• _PROBLEM DETAILS_
Only a slice of the listing below is wanted. Retype the lines from the one containing "Foto del edificio - 1347 Greenoak Dr" through the one containing "Obituary Celebration of", exactly, both ends included.

•••••

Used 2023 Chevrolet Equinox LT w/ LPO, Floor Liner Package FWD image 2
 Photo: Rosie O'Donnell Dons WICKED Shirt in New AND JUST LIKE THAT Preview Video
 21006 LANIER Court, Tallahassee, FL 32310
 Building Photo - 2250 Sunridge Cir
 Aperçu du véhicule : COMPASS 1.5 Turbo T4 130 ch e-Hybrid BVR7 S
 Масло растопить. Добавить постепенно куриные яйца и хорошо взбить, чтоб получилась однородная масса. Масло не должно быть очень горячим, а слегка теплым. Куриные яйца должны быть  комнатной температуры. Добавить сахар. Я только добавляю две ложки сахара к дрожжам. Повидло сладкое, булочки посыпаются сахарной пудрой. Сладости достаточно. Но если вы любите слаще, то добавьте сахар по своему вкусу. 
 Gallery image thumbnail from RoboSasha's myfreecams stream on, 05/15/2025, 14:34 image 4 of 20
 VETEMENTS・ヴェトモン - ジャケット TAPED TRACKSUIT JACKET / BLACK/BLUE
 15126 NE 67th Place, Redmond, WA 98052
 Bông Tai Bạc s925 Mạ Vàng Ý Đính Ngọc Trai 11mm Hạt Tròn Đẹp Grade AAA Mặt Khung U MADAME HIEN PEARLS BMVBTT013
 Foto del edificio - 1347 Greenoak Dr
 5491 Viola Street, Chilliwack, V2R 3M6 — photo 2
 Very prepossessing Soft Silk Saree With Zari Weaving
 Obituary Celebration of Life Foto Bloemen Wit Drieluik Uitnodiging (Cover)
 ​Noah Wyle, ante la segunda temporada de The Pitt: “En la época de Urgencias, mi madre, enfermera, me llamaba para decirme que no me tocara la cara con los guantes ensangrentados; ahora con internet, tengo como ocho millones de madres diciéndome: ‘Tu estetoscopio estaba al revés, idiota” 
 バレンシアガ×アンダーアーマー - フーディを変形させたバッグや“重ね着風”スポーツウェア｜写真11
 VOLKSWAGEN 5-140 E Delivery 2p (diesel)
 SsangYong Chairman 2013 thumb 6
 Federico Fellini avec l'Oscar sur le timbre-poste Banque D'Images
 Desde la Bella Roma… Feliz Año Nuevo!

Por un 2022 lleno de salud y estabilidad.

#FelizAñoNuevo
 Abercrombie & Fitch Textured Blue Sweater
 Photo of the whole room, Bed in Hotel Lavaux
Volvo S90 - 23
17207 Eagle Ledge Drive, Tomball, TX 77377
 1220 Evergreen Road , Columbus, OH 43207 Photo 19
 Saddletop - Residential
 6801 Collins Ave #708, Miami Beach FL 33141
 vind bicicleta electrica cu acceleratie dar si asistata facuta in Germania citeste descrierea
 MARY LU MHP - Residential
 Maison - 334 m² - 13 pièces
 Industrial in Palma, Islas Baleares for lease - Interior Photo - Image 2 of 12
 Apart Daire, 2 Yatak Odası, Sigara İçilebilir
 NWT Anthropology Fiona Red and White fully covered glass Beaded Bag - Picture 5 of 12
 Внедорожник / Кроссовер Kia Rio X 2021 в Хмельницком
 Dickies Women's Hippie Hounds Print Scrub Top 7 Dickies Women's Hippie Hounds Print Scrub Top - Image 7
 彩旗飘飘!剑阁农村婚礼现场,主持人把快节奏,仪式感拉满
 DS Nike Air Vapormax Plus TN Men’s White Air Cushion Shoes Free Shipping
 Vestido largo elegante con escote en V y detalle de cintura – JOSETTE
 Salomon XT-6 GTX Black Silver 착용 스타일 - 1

•••••

• _SOLVED EXERCISE_
 Foto del edificio - 1347 Greenoak Dr
 5491 Viola Street, Chilliwack, V2R 3M6 — photo 2
 Very prepossessing Soft Silk Saree With Zari Weaving
 Obituary Celebration of Life Foto Bloemen Wit Drieluik Uitnodiging (Cover)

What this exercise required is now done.